Cass McBride is a wealthy, beautiful, and popular high school senior. As the story begins, she is quite upset by another classmates’ suicide. So that night when she gets home, she digs through her father’s briefcase until she finds what she believes is Xanax and takes one so that she can get away from her troubles. I’m being specific about this part because for me, this (and discussion of recreational prescription drug use) was the most questionable content in the book. After passing out, she wakes up disoriented and after a bit realizes that she’s been buried alive! Cass is determined to talk her way out of this one. This story is told in 3 alternating perspectives – Cass, the boy who kidnapped her and buried her alive, and the detective in charge of the case. It’s a psychological thriller but it isn’t over the top. The font is relatively big and the chapters are relatively short, making it perfect for reluctant readers who are easily bored. I highly recommend this one and enjoyed it myself!
Another book I read this week is Animal Farm by George Orwell.

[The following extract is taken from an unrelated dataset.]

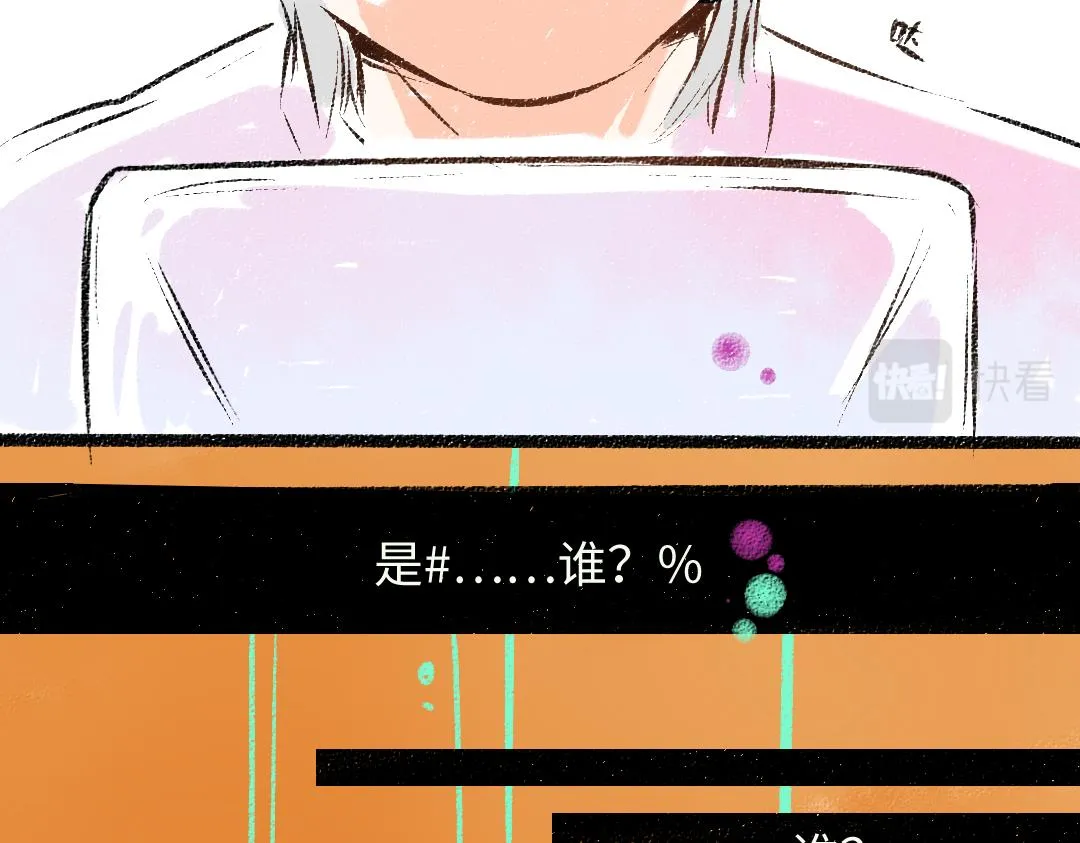 第49话 Net的身世？ 第49页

Yep, bring on the classics. I have never had the desire to read this one, but I found out this week that it is the summer reading assignment for freshmen entering the high school that most of my 8th grade students will attend next year. With 8th grade finals (and their last class period with me) being last Friday, I had to hurry and cram in the book so I could discuss it with them and (try to) prepare them for this assignment.
My initial thought was why, why, WHY would they make incoming freshmen read THAT book!? It just seems like it’s the kind of book that lends itself so much better to class discussion of the novel as it unfolds. I worry that some of my 8th graders may read the entire book without understanding ANY of the allegory and thinking it’s just a ridiculous book about animals who live on a farm. I seriously hope that despite it being Friday and their last full day of 8th grade, they paid attention to what I tried to explain to them about the book and its meaning. I also recommended that they purchase the Cliff’s Notes for the book at the same time they purchase the book and read the two books together. Read a chapter of the novel, followed by that section of the Cliff’s Notes, next chapter, next section, etc. so that they can understand what they are reading and not MISS anything huge. I’m worried about them and this book. I was never a fan of the previous freshman summer reading assignment, To Kill a Mockingbird, but this choice has got me wishing they’d bring that one back!
As for how I liked the book.. I actually enjoyed it, surprisingly enough! It was easy to read and I really appreciated the author’s craft and the way the allegory unfolded. That being said, I’m a 30 year old who loves history and pays attention to politics – NOT a self absorbed 8th grader reading this book alone over the summer.
Well I also finished What Came from the Stars by Gary D. Schmidt, but I can’t get into that without discussing two of his other novels, so that will have to wait until next Monday. Wait a minute. Next Monday, I’ll be on SUMMER VACATION!